Friday, September 17, 2010

Assessment Data to Inform Instruction

          Running records are very effective tools used to gather data on students' reading progress, which is used to form instructional decisions.  This formal assessment can yield useful information on the students' word identification, as well as reading fluency (Tompkins, 2010).  The teacher records which words are read correctly and which are read incorrectly, mispronounced, substituted or omitted.  Self-corrections are also noted.  Following the administration of running records, students are frequently asked to retell the story and answer several comprehension questions.  An analysis of the students' errors or miscues can provide insight into what reading strategies the students primarily use.
          In my professional experience, I have administered a variety of formal assessment systems, those of which include mClass Reading 3D, Fountas and Pinnell Benchmark Assessment System and the Qualitative Reading Inventory-4 (QRI-4).  I used the mClass Reading 3D program to assess students' reading levels and knowledge at the beginning, middle and end of the school year.  Similar to that is the Fountas and Pinnell system that I used for progress monitoring throughout the year.  I felt the sense that some of my students were ready to move up in reading levels and the running record and answers to the comprehension questions provided concrete data that supported the notion.  Of course, some students fit right in their new guided reading groups while others did not perform as I expected based on the assessment, but that is one of the benefits of having fluid groups.
          After analyzing miscues from my students' running records, I discovered that the large majority of the children were relying very heavily on visual cues, some meaning cues and little to no syntactic cues.  I then realized that I had been focusing much of my teaching on the beginning and ending sounds of words, that I had failed to teach students to cross-check the picture with the words and self-monitor.  This makes a lot of sense knowing how much children rely on visuals to help them understand the world around us.  Using the information I gathered from the assessments, I improved my teaching by modeling cross-checking and asking myself if the words I was reading made sense and sounded right.  My students soon began to utilize those strategies and began to make great gains.


References
Tompkins, G.E. (2010).

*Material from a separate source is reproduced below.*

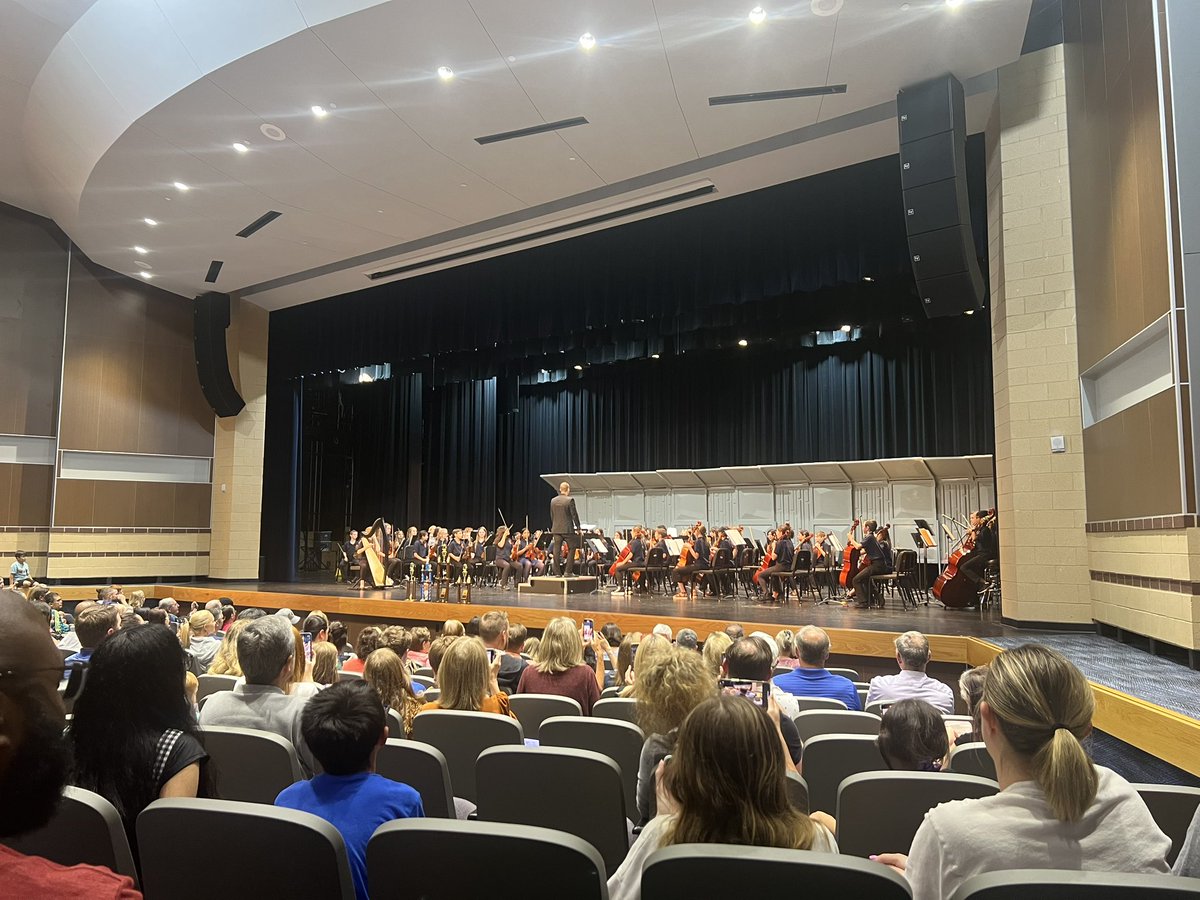 Sarah Raycroft tweet media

Literacy for the 21st century: A balanced approach (5th ed.). Boston, MA:
          Pearson Education, Inc.

1 comment:

  1. Christina: you are doing an excellent job assessing and monitoring your students' reading progress. From the information you shared, I can understand the importance of reading records. I like the fact that you analyzed student miscues, used the data to modify your teaching style and modeled cross-checking to help students improve and advance. Tompkins mentions that running records are a very effective assessment tool due to its authenticity (p. 88). Do you also use informal reading inventories and day-to-day observations, anecdotal notes, conferences, checklists, rubrics and student work samples?